If you thought that the Affordable Care Act, aka Obamacare, completely solved the health insurance problem for the United States, then you will probably be happy with some of the types of reforms that are being crafted to address the retirement crisis.
But if you find disturbing the Congressional Budget Office's estimate that in 2019, when the ACA is fully implemented, 22 million Americans will still be without health insurance and that there will be a deep inequality of plans for those who have it, you might be wary of what likely retirement reform will look like if it follows a parallel course.
Retirement, like health care, is an exceptionally profitable industry in the United States.
The sine qua non of corporate-supported retirement reform, like that of health care reform, is that it must not reduce the profits of the existing system. To get real backing from those who pay the lobbyists, it must increase those profits. The ACA thus gave health insurers more business through the subsidized exchanges.
But policy wonks know that profitability has its limits. Some people are too poor to be profited off. Hence, to cover more of the uncovered, the ACA had to expand Medicaid from the poor to the near poor. The government would cover the unprofitable, being careful to leave the profitable business to private insurers with the exchanges.
The financial services industry has profited handsomely from the conversion of traditional pensions to 401(k) private accounts since 1981. But it, like the health insurers, knows that the profitable system is running into public opposition as it has become clear that many are uncovered by workplace plans, and that those with 401(k)s are not getting the retirement incomes they assumed would be forthcoming.
Retirement reform is thus creeping on to the Washington agenda and the financial services industry wants to make sure that such reforms, if they occur, do not harm its bottom line.
If the type of health care reform we had received would have been solely dictated by what was most effective, we would have, as the wonks knew, received a single-payer system rather than the ACA.
If we want the most effective retirement reform -- one that covers the entire working population and ensures for retirees preservation of their preretirement standards of living -- we would have an expanded Social Security. It is the approach that wins hands down over 401(k)s in maximizing coverage and return on contributions.
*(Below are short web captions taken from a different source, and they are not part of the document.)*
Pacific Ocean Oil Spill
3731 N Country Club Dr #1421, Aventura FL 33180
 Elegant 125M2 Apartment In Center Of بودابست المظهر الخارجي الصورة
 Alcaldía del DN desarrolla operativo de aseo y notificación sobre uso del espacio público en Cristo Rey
According to former Treasury Secretary Lawrence Summers, no wild-eyed progressive reformer even by Washington standards, "Social Security is effective, in large part because it is efficient. More than 99 cents are paid in benefits by Social Security for every dollar that is paid in by workers and employers. Few, if any, private systems -- anywhere in the world -- come close to matching this efficiency."
But the legislative strategists know that the financial services industry will not stand for such a reform if it diverts retirement savings from Wall Street to government control. Hence many, even liberal, legislators are quick to publicly justify reforms as being based on "privately managed" plans. It's an assurance bordering on a request for permission addressed more to the financial services industry than the public.
So, if you thought the ACA did the job, you will probably think that these "privately managed" retirement plans will do so also.
If you didn't, you should support those legislators who are courageous enough to craft and support retirement reform bills that put the priority on retirement security rather than drumming up new business for the financial services industry.